Being involved in a lot of activities related to an area often referred to as 'Governance, Risk and Compliance'  or simply 'GRC', I continue to be puzzled by the phrase itself as well as the multitude of meanings it seems to project. Is it a business management ethos, the essence of how to run a business, a class of business software, a fancy term for the management of business risk and internal controls or what?

The independent OCEG body has both tried to define the ‘GRC’ term and even published a ‘Red Book’ on GRC capability maturity at http://www.oceg.org/view/RB2Project

Compliance Week has gone a stage further and produced a series of illustrations at http://www.complianceweek.com/Page/345/grc-illustrated-series (now we KNOW the management consultants are at work!). If a picture tells a thousand words, then these six (or is it 24?) illustrations indicate how this ‘GRC’ concept has become complex, ambiguous, shape-shifting and quite a significant commercial machine for a whole ecosystem of consultants, software vendors, advisors etc.
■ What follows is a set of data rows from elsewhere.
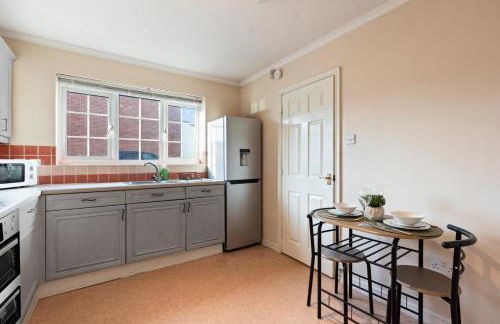 Applin House-5 Bed Contractor Stay Parking WIFI - Foto 19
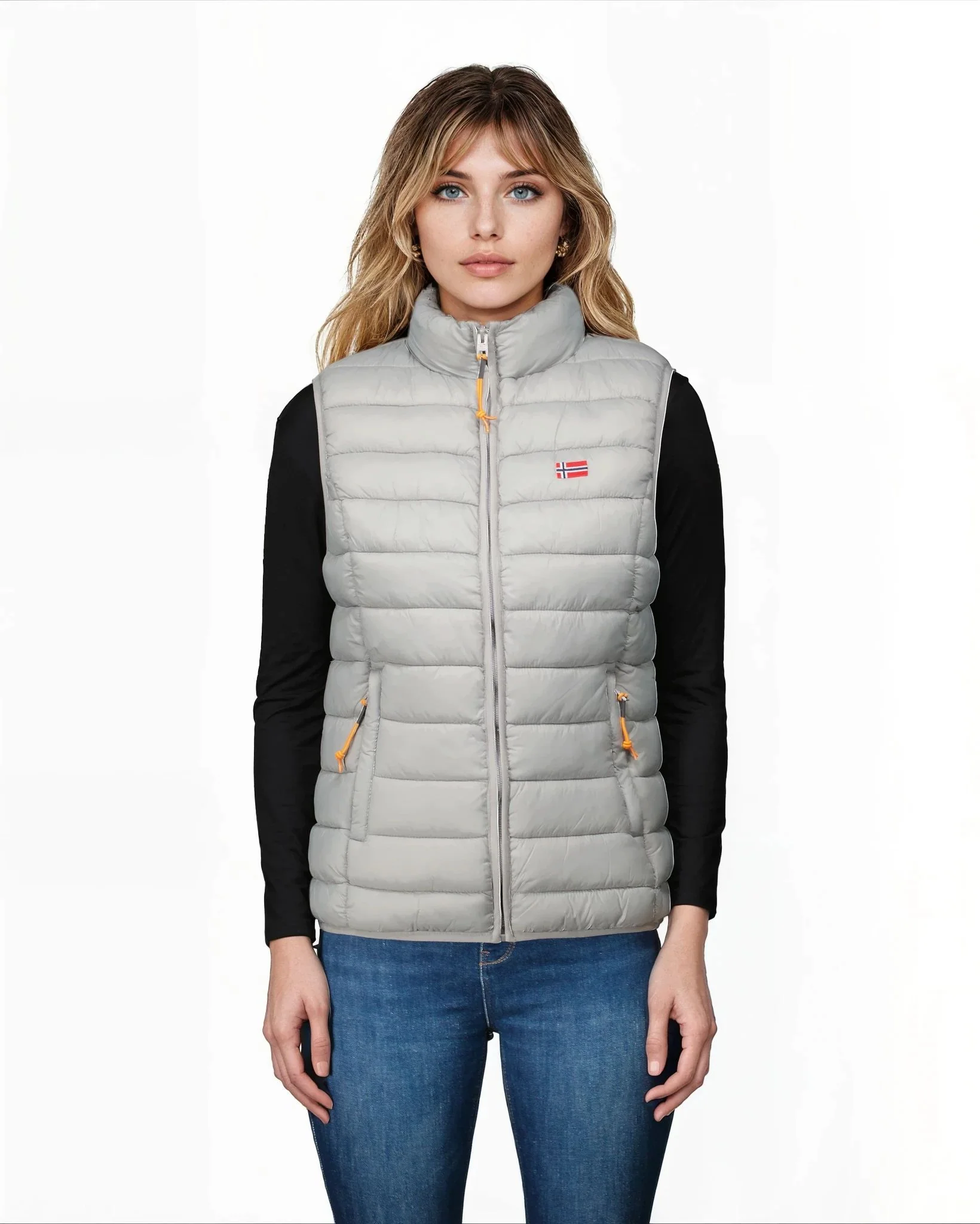 Geographical Norway VATIKOLOR Femme - Doudoune - Image 34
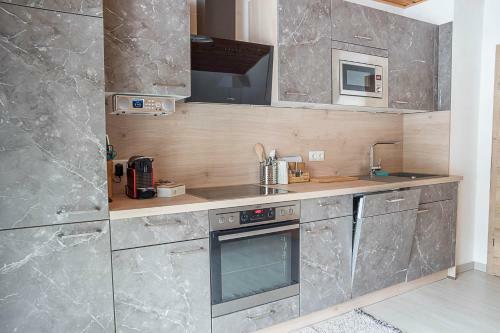 Apartamento Grundlwald Ferienwohnungen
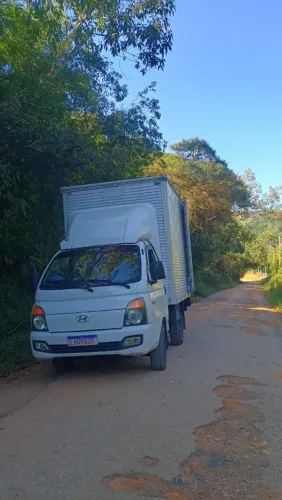 Hyundai HR 2.5 TCI Diesel (rs/rd) 2014
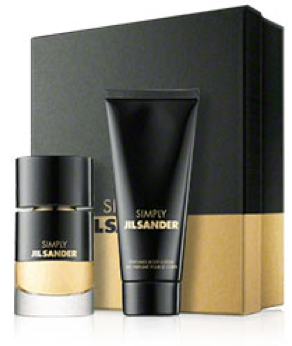 Jil Sander #SimplySet - ein Duft, der feminine Werte und Eleganz unterstreicht ow.ly/XD8Aq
Industry analysts report that the ‘GRC market’ is already huge at 33.5 billion USD (yes that’s BILLION) in 2009 -  11 billion for technology, 9.3 billion for services, and 13 billion for internal  effort. I hope all that investment is driving the economic and social output of the organisations spending the money. I suspect half of it wasted along the lines of the famous comment about advertising (I can’t remember the source but it has been attributed to every marketing guru in the last 100 years!)

But I still don’t know what it means – Seriously! You ask 10 different people and you get 15 different answers. I am often asked to help a company that wants to ‘do a GRC project’. The hardest part is working out what they are trying to achieve. It often emerges that a ‘GRC project’ is a pseudonym for implementing an improved access control process for ERP systems. Even then, it is not always clear what (business) problem is the target of this new found affection . . .

Counter-intuitively, it’s easier to address this amorphous entity of ‘GRC’ from right to left (which may be easier if Arabic is your script of choice!). But despite reading and discussing the debates around the phrase (see this debate for example Debate on 'GRC'  ), I am left with the uneasy feeling that the term confuses more than it helps . . . .

The 'Compliance' bit is fairly easy to comprehend, even if you extend from the generally accepted implication of adherence and assurance to external rules and regulations to a broader definition of all rules and policies that encompass 'the way we want to operate' . . .

The 'Risk' bit starts easy then gives you a bit of a headache when you move outwards from identified business risks and how to assess and mitigate them. When you start to consider all of the risks that you may not even have thought of as a business you start to wonder if the process actually helps or hinders business progress. As the famous Peter Drucker simplified perfectly, 'There is the risk you cannot afford to take, and there is the risk you cannot afford not to take.' . Risk is in essence the entrepreneurial activity at the basis of all business. Risks are taken for economic and, hopefully, society's advantage. When 'risk' becomes such a  substantial and all-encompassing concept, we move into philosophical ground well beyond the comfort of most businesses as they try to define and allocate components of the business to be managed.

Oh! You thought that was bad? Governance? My head hurts. Governance in an organisational context, to me anyway, is the essence of stewardship relating to decisions that define expectations and authority and validate performance. This is usually what we refer to as a key element of the process of management or leadership (Ouch! Another debate lies there . . .). Governance is a big word  . . .

So this is why I worry about software vendors, consultants, auditors, IT specialists and management gurus constantly referring to 'GRC' as if it is a neat new set of concepts to support business management.

There is nothing new in the concept.

At a detailed level, it covers too broad a territory to have a meaningful (and time-limited) conversation!

I respect these great folks who are labouring for common definitions and standards and XML thingummyjigs, but in essence I think we need to get back to first principles in any business.

To my simple brain there are two things in the domain that this 'GRC' term touches on

1) Business Performance - how to make the organisation as effective and efficient as reasonably possible and be able to measure and assure the levels achieved

2) Risk - how to reasonably identify, measure where possible and optimise risk in business, insofar as it makes economic sense. Whether the risk is compliance risk or internally identified risk, doesn’t make a lot of difference in the big picture, except in the level of fines and interruption you can expect if established rules are broken.

Which brings me to 'controls'. Internal controls for finance or operations, are the tools we use to manage risk and streamline operational performance. In fact controls have two sides of their coin, the performance perspective and the risk perspective. I believe this is where the interesting and value-creating activity should be focussed.

Large organisations are striving to achieve step change improvements in performance AND risk management. Let’s focus on these issues and leave the semantic debates for later years when we have the time with our feet up in front of the fire . . . . .

However, I did reach a significant birthday this last weekend, so that day may be sooner than I thought!